Yosemite National Park turned 123 years old today. But there was no celebration because it, along with many other public lands, closed as a result of the government representatives’ inability to agree on a budget. So for now, Yosemite Falls has been turned off and El Capitan has a big sheet over it. Uncle Sam couldn’t afford a birthday cake for you this year, Yosemite.
All media outlets over the past week have been bombarded with news of how the House and Senate cannot agree on the fiscal budget. Whether you agree with one side or the other, there are real concerns over how the shutdown of our government will impact us as hunters.
1. Public land use
Over the past week both the BLM and Forest Service published contingency plans for the potential shutdown. Basically and governmental service that is not “essential to running the government” is going to grind to a halt. That includes many public land areas.
Both the BLM and Forest Service will leave emergency services and law enforcement personnel in place. But the BLM plan calls for a furlough (leave without pay) of all non-essential employees. BLM currently has 10,800 employees and the plan is to furlough 10,200 of them. That means only 5.5% of BLM employees will remain on-the-job.

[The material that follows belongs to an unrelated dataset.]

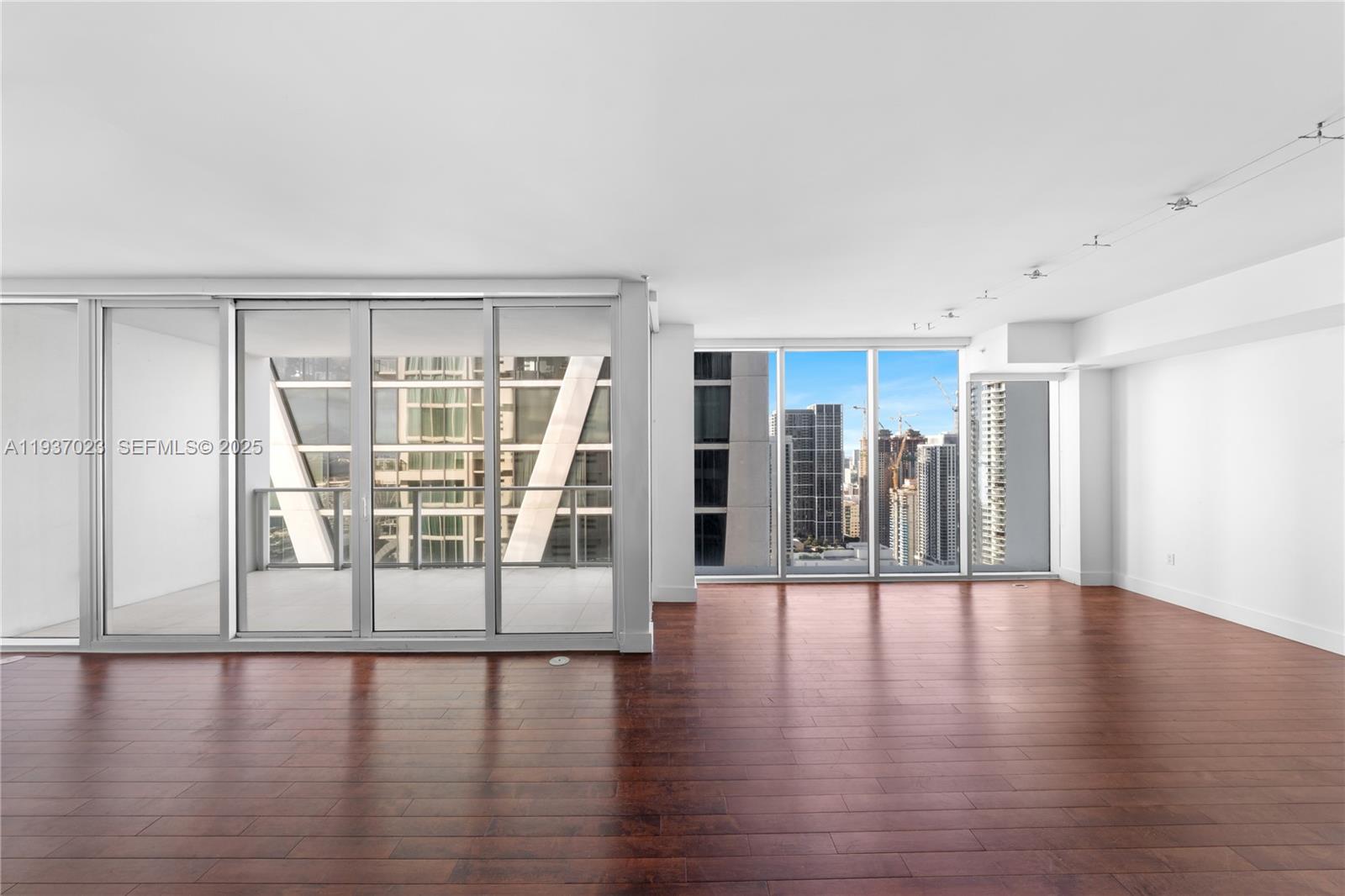 1040 Biscayne Blvd #4108, Miami FL 33132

Campgrounds, boat ramps, and other recreation sites will be closed or posted as closed in areas where public access cannot practically be restricted. All facilities will be operationally shut down and posted accordingly, with gates locked, restrooms locked, and water systems shut down. Consistent with other Federal recreation providers, occupied sites would be given 48 hours to vacate, with the area shut down as the last visitor leaves. Shutdown activities for the sites would be completed within the 48 hour period. Campground hosts and other volunteers would be given the same 48 hour period to vacate, and should not expect to receive any reimbursement for this period.

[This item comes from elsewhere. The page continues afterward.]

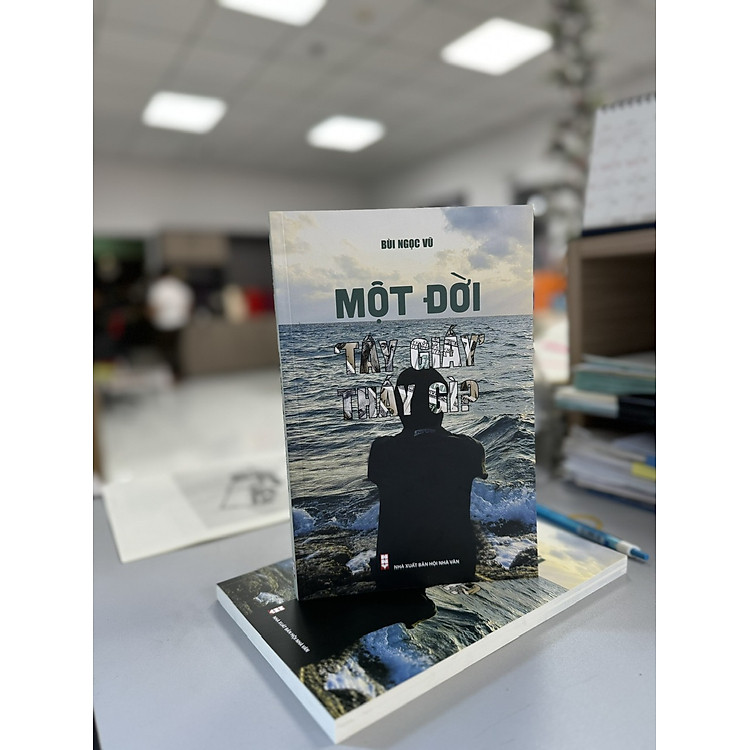 MỘT ĐỜI TÂY GIẤY THẤY GÌ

Hunting access is impacted where the public land is administered by the US Government. So if your hunting area is somehow managed under Federal funding, you can expect to be locked out. That generally includes National Parks, but can also include any waterfowl hunting areas that are operated by the U.S. Fish & Wildlife Service. All 561 National Wildlife Refuges will be closed to access and use, including hunting.
2. Gun sales
While it is not clear what actual impact the government shutdown will have on the National Instant Criminal Background Check System (NICS), there are no plans to completely shut it down. Based upon past instances, there was really no hiccup in the NICS step of a gun purchase. Hopefully that remains the case this time. So while the NICS may not be so “instant”, there are no plans to completely shut it down and that means gun purchases should generally be unaffected.
The bad news is that some areas will be closed to access. With many waterfowl seasons open or already opening in the next few weeks, that means some hunters will have to make a Plan B.
My recommendation is that you try and determine whether your hunting area will be open by calling. The problem is that many of the folks that normally answer the phones may not be around. Your best bet would be to contact law enforcement for the area to determine how best to proceed.
The good news is that if you are trying to buy that new rifle or shotgun for the season, you probably won’t be slowed too much. There may be a few staffing issues here and there, but based upon prior shutdowns hunters probably won’t feel the government’s inefficiency too much when buying a firearm.